Huluオリジナル作品。

 

タイトルの通り、コロナ禍で息をひそめるように暮らさざるを得ない、普通の人たちの普通の日常の中で起こる心の揺れ動くさまを綴ったドラマ。

 

特別な出来事や事件は起こらない。

でも、世界中の人たちが等しく経験したコロナ禍の生活だからこそ、この8話の物語の中の登場人物たちの気持ちに寄り添うことができるのだろう。

 

物語は1話に夏帆と斎藤工、2話に石井杏奈と長澤樹、萩原利久。3話に村上虹郎と安達祐実、横田真悠、4話に蒔田彩珠と光石研。

ここまでは一話完結。

 

夏帆の役になり切る演技力は言うまでもない。刹那的な気持ちで生きて来た夏帆の心に優しく入り込んでくる斎藤工の自然さが素晴らしい。

 

石井杏奈は本当に好きな女優さん。彼女は内省的な表現力が素晴らしく上手い。

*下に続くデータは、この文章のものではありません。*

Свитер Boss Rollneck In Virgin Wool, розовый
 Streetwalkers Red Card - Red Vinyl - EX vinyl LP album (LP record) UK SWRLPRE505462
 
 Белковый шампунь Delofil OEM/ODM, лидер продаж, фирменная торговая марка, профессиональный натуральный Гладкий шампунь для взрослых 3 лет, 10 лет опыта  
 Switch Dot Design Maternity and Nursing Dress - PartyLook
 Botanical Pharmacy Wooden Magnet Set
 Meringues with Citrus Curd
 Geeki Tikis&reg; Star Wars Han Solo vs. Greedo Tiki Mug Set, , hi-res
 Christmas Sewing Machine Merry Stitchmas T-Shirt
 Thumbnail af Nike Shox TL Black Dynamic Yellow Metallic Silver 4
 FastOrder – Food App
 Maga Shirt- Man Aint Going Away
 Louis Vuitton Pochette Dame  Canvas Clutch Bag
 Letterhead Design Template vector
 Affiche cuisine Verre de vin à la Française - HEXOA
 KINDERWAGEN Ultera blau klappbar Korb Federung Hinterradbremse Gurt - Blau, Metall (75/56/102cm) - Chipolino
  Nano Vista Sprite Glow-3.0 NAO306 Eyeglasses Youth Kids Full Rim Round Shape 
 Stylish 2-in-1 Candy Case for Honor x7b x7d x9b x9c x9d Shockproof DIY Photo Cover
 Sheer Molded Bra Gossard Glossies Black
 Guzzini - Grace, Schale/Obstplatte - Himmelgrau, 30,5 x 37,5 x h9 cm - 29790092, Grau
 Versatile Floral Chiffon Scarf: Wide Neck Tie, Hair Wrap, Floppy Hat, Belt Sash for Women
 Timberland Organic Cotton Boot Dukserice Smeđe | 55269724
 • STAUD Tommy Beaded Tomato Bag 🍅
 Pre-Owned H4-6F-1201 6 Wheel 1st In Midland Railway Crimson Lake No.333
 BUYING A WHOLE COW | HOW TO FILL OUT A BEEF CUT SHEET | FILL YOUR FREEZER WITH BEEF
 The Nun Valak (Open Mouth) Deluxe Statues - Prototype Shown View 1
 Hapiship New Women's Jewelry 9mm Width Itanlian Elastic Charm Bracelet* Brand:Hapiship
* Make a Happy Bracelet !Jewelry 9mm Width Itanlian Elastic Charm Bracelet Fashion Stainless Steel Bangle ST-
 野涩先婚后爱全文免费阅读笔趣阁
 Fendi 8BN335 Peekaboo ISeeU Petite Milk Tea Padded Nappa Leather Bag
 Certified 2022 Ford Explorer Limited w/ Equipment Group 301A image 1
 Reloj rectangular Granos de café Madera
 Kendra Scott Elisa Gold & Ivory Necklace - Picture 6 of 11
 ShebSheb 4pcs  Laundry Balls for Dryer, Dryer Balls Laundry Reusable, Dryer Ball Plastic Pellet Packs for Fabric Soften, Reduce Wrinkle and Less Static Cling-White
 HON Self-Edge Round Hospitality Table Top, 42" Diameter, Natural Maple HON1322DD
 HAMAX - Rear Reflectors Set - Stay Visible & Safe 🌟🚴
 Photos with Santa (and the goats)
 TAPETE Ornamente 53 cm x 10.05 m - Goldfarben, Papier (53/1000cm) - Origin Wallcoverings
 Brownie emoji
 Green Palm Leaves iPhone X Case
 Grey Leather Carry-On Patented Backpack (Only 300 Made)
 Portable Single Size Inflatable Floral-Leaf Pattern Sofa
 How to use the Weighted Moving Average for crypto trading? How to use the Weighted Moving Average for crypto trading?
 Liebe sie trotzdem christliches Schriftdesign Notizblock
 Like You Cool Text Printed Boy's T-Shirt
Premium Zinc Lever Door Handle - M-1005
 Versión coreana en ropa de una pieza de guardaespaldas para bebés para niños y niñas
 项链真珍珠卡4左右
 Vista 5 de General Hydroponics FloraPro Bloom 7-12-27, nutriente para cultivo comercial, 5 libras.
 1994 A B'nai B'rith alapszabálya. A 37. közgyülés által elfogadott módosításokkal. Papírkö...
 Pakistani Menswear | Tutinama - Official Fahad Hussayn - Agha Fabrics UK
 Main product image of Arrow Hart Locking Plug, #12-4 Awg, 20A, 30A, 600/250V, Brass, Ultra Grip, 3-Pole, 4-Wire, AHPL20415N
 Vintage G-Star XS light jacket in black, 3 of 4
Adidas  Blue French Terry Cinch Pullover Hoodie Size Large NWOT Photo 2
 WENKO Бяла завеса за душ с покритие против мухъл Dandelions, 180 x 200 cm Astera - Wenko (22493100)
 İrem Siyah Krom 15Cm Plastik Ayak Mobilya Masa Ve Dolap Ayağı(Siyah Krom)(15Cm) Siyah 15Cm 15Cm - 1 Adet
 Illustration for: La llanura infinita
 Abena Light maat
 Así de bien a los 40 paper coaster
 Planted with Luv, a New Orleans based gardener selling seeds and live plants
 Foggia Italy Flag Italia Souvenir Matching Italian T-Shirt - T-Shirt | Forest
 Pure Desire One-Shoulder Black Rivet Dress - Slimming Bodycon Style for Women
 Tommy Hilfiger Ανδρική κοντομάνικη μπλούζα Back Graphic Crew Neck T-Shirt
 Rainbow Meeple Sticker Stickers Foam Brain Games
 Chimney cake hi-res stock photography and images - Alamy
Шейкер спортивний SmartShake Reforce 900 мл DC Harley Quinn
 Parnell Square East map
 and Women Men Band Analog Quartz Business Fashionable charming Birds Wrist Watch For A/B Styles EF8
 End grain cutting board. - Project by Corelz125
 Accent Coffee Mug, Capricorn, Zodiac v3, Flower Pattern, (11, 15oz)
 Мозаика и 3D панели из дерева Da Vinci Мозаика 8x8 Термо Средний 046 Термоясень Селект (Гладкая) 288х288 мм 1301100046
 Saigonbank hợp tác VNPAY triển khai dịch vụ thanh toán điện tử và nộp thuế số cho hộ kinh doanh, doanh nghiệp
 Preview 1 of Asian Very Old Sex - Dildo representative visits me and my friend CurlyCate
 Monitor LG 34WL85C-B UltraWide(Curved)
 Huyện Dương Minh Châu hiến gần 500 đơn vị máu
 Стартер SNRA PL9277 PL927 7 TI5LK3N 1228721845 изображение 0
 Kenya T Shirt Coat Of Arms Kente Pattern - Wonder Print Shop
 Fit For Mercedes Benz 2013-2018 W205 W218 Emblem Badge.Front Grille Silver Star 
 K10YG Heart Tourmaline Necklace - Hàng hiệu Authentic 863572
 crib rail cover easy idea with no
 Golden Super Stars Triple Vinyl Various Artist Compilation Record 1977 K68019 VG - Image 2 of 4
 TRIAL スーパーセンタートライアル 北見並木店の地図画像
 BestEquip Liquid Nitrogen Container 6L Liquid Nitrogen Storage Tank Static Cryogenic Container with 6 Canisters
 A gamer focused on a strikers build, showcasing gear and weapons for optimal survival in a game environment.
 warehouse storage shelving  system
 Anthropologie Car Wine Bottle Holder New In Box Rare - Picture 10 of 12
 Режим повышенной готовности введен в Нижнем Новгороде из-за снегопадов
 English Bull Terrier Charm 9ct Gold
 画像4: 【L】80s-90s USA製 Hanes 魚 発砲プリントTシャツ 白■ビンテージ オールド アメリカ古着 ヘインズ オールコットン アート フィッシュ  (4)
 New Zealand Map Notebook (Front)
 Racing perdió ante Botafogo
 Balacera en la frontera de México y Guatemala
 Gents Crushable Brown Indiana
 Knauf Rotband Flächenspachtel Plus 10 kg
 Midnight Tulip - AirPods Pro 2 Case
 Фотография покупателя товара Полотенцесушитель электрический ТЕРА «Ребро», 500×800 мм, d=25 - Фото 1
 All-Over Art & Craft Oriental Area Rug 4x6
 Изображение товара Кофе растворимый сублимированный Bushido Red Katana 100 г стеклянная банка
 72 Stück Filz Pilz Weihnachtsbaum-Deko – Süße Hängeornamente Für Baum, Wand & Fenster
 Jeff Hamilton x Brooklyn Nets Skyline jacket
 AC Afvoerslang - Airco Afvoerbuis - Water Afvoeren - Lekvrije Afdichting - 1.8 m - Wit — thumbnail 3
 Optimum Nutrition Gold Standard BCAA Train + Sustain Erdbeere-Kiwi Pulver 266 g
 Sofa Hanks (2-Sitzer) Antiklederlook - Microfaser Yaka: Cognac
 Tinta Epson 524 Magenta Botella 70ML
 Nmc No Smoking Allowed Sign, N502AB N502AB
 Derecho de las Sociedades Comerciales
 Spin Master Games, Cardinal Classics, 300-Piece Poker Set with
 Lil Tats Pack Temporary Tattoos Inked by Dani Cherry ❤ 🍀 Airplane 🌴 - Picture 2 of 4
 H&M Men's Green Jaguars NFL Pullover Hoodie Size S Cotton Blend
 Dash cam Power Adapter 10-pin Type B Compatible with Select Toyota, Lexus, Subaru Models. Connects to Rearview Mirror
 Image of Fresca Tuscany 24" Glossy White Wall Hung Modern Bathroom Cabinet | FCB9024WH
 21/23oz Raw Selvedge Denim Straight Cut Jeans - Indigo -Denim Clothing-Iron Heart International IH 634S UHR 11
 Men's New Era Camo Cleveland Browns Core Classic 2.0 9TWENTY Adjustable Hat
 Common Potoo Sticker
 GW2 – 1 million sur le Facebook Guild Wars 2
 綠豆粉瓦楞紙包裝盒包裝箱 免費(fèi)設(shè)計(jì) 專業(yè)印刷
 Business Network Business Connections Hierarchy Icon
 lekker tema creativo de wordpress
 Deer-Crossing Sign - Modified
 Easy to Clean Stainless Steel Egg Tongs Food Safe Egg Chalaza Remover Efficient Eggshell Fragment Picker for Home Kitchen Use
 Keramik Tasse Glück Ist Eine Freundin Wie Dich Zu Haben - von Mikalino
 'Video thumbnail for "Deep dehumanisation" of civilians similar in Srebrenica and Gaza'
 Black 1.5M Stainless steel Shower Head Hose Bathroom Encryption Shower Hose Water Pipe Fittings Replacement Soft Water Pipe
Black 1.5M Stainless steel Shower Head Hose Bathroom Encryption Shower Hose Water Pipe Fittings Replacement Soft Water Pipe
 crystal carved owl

長澤樹は「両刃の斧」で悲しい運命を背負ってしまう妹役を好演。女子大生と女子中学生。普通なら接点のない二人だが自然と気持ちが通い合う。

 

安達祐実はさすがの存在感。村上虹郎との共演で、光と影を巧みに表現。

本当に世界が変わるほどの恋とは、、、、

 

蒔田彩珠、この娘はどんどん良くなっていく。

光石研、役者になれるとしたらこういう役者になりたいと思う。

互いを思い合う父と娘。娘は大事な人が住む街を少しずつ好きになっていく。

 

5,6話は三浦貴大と瀧内公美の共演。二人の視点が入れ替わるお話。

お互いを認め合うのではなく、お互いをさらけ出し心と心を通わせる。

二人でいることの意味を考えたくなる。

 

7,8話はまた斎藤工と夏帆が登場するが、斎藤工の物語と言ってよい。

長澤樹も彼の合唱部の生徒の一人として再登場。

7話で主人公を張る小川未祐は新人さんで、あまり情報が無い。

これからの女優さんなのだ。

 

7,8話では歌う意味を問い続ける物語。

小川未祐演じる珠美は自分のために歌うことにたどり着き、斎藤工は自らと他者の間にあった大きな隔たりが、河原でみんなと一緒に歌い過ごす時間を共有することで、自分の見ている世界が変わっていくことに気づく。

 

まさにコロナ禍の数年は、特殊な環境に置かれた人々が自分と向き合う日々だったといえる。それぞれの日々の中で、自分と向き合った結果何を見つけたのか。

このドラマはそんな振り返りのきっかけを作ってくれたと思う。

 

この二人のお話がよかったかな。